Natural gas futures hovered in a narrow but positive range to launch trading Wednesday, with bulls focused on late August heat, lower production, and forecasts for an anemic storage print.
Following a 4.1-cent loss the prior session – the first decline in six days -- the September Nymex gas futures contract was up 3.6 cents to $2.184/MMBtu as of about 8:40 a.m. ET.
NatGasWeather said national demand would likely be “moderate” through the current trading week “due to comfortable temperatures across much of the northern half of the U.S.” Yet the southern half of the country “will be very warm to hot with highs of 90s-100s.”
The firm’s outlook called for “hot high pressure to expand over the interior U.S. late in the week through early next week with highs of upper 80s to 100s for strong national demand.”
Tropical Storm Ernesto was also gathering momentum in the Atlantic Ocean. It was expected to strengthen into a hurricane, although it was “favored to make a northward turn toward Bermuda, while remaining well offshore” of the East Coast, NatGasWeather said.
The firm chalked up Tuesday’s loss in part to profit-taking after the bull run that spanned most of last week and the start of the current trading period. Lower LNG volumes also had an impact.
Liquefied natural gas demand hovered around 12 Bcf/d on Wednesday, according to Wood Mackenzie. That was down from August highs above 13 Bcf/d.
Gelber & Associates analysts said Sabine Pass LNG was “primarily responsible” for the decline. “The terminal has dropped low enough in recent days to suggest that an entire train may be offline.”

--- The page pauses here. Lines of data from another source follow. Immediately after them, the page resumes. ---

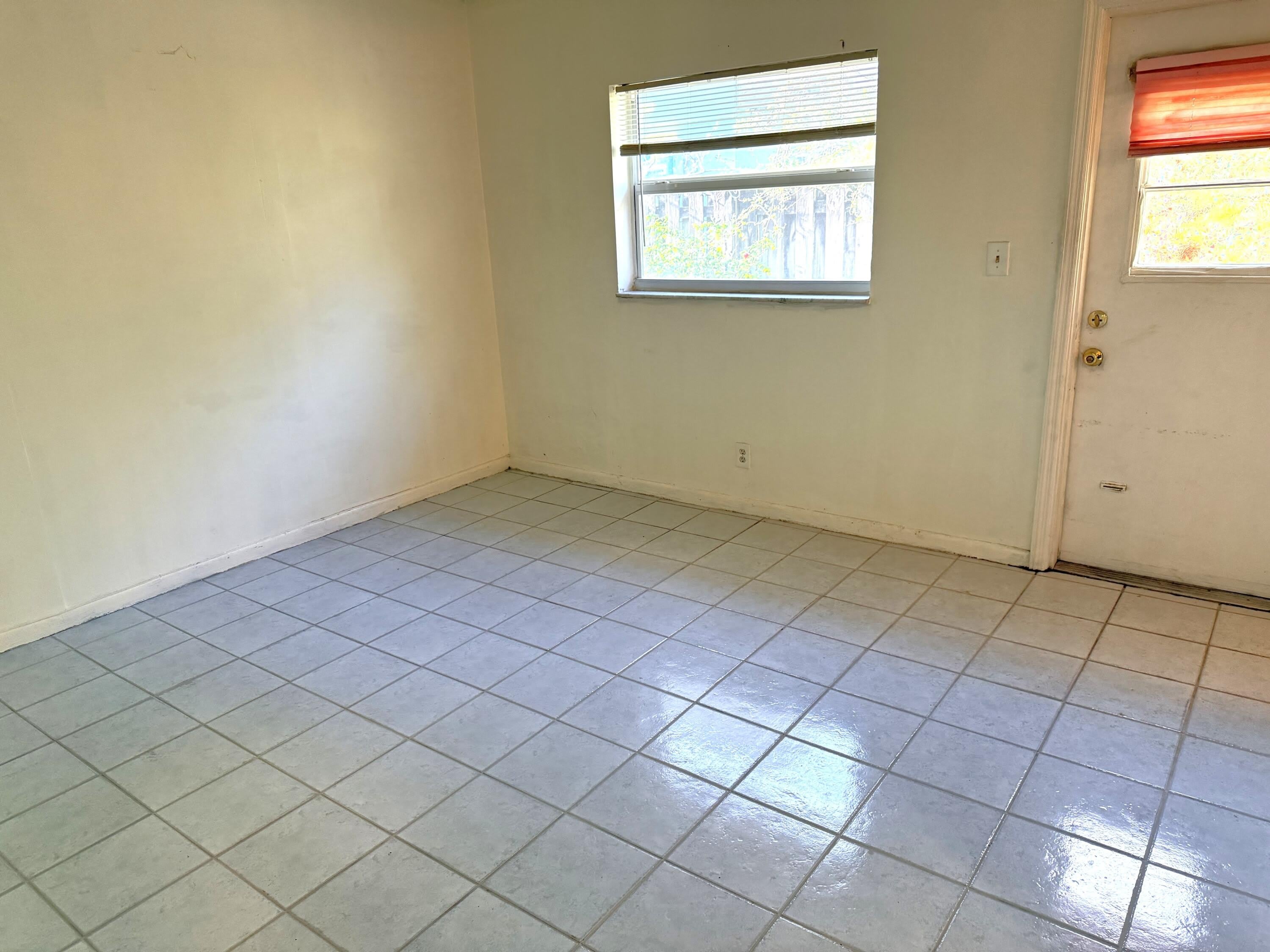 4649 Bougainvilla Drive – photo 3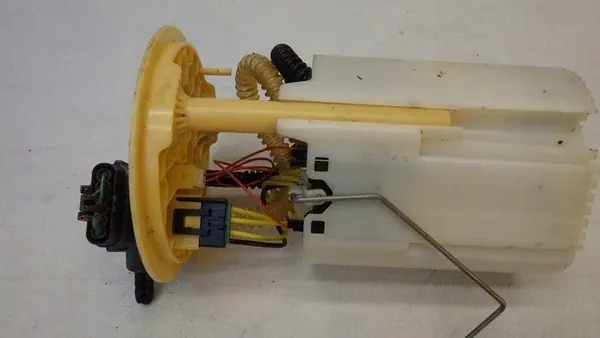 Bomba de combustível Renault Scenic IV 1.5 DCI OEM 172027799R image 6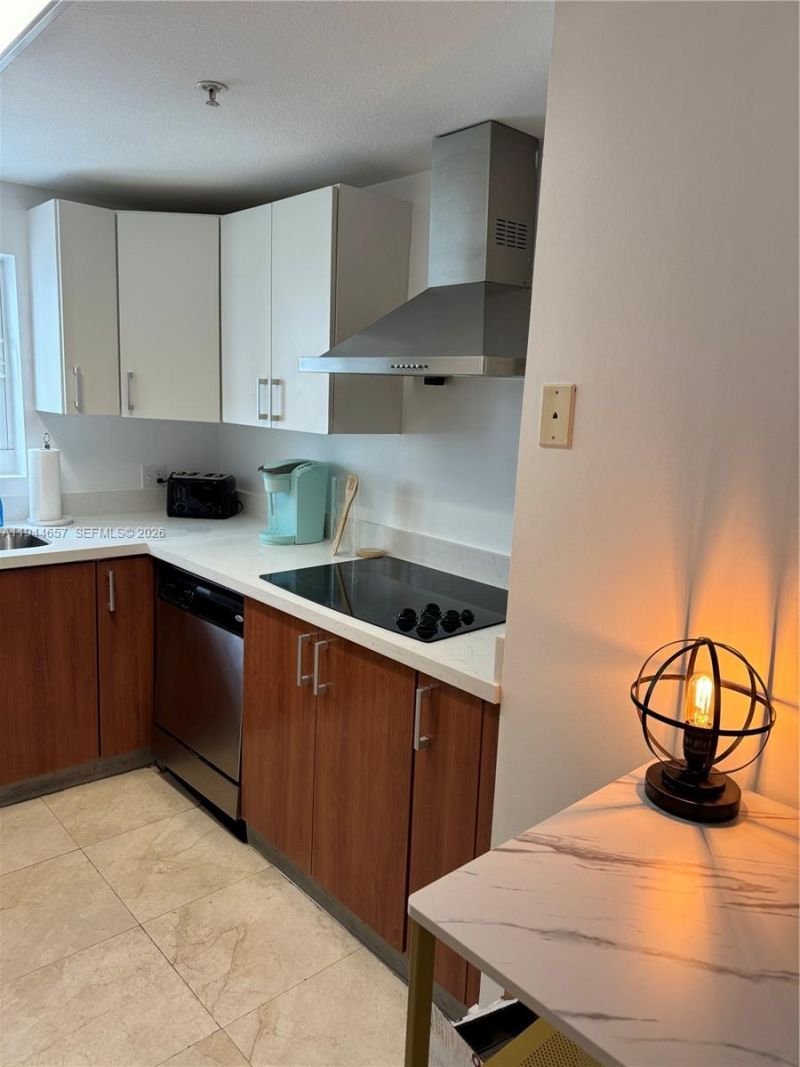 170 SE 14th St , Unit 2405, Miami, FL 33131 Photo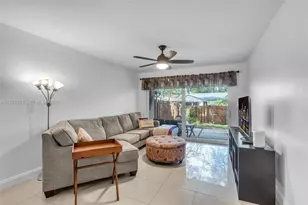 3785 Raleigh St, Hollywood, FL 33021 - Photo 6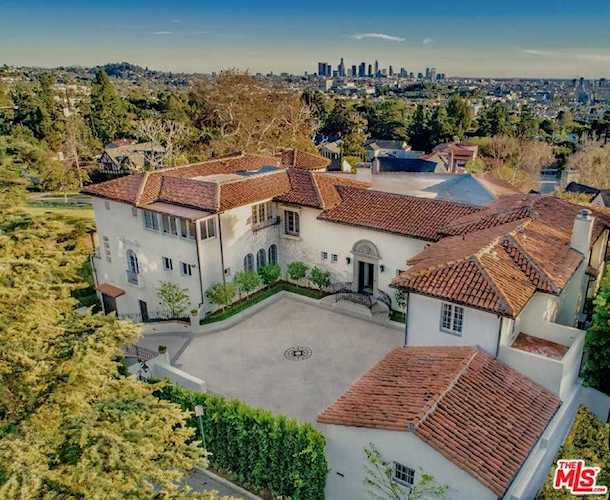 2267 Chislehurst Drive Los Angeles, CA 90027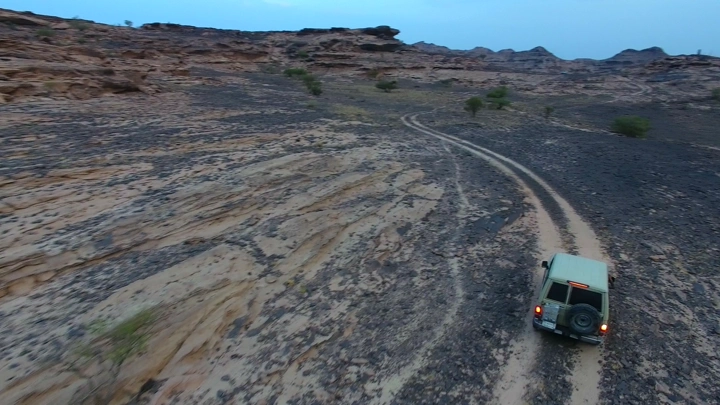 سيارة تسير في صحراء ظهران الجنوب، لقطة جوية.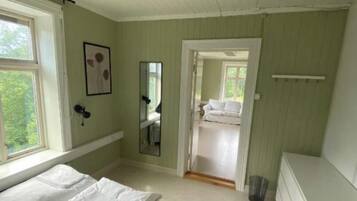 Deluxe Double Room | Laptop workspace, free WiFi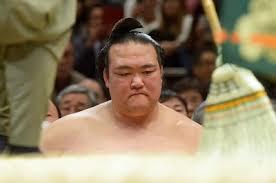横綱稀勢の里の休場に思う 源町19番地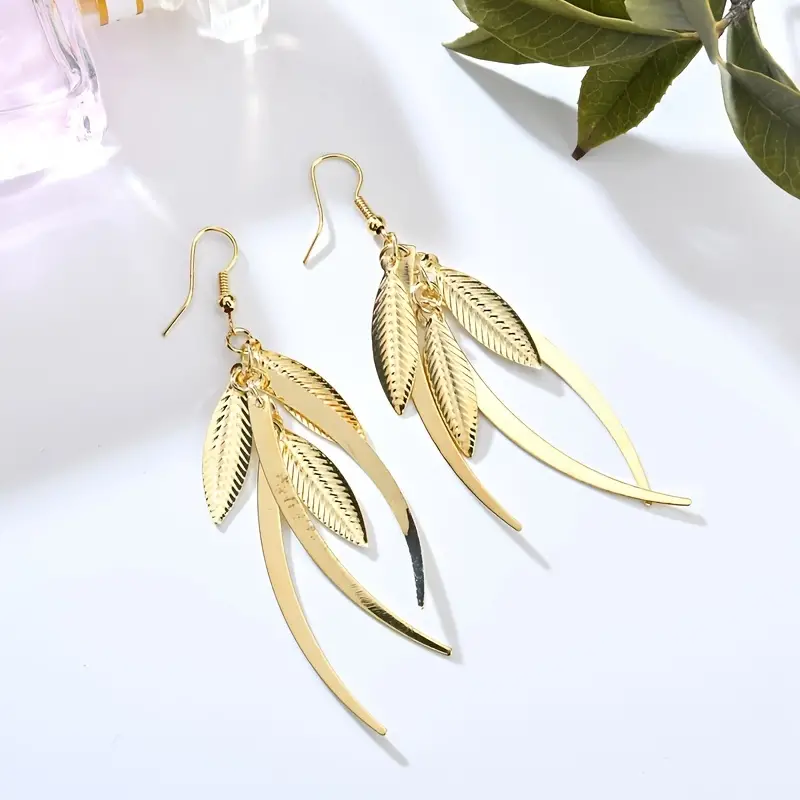 E2404 European And American Popular Earrings Creative Leaf Earrings Cross-Border Domestic Sales Foreign Trade Specification drawing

Meanwhile, the recent rally was fueled by lower production estimates and expectations for a slim print with Thursday’s Energy Information Administration (EIA) storage report.
Wood Mackenzie estimated production was 100.6 Bcf/d on Wednesday, down from the 30-day average of 102 Bcf/d.
Flow data “out of Appalachia indicates that the region is still the culprit for recent weakness in production,” the Gelber analysts said. If levels were to “remain stagnant there well beyond expected maintenance timelines, it may indicate that producers have made more permanent cuts to output.”
For the EIA print covering the week ended Aug. 9, NGI modeled a 1 Bcf build. That is far from the 43 Bcf five-year average. Preliminary estimates submitted to Reuters ranged from a withdrawal of 8 Bcf to an injection of 30 Bcf, with an average increase of 19 Bcf.
As of Aug. 2, natural gas in storage totaled 3,270 Bcf, which put stocks 15% above the five-year average. That surplus has declined from a 2024 high of 40% in March. Yet it remains elevated with the market entering the final stretch of summer.
“With Thursday's report having the potential to print a draw, this is likely to lead to volatile trade as major players position ahead of it,” NatGasWeather said.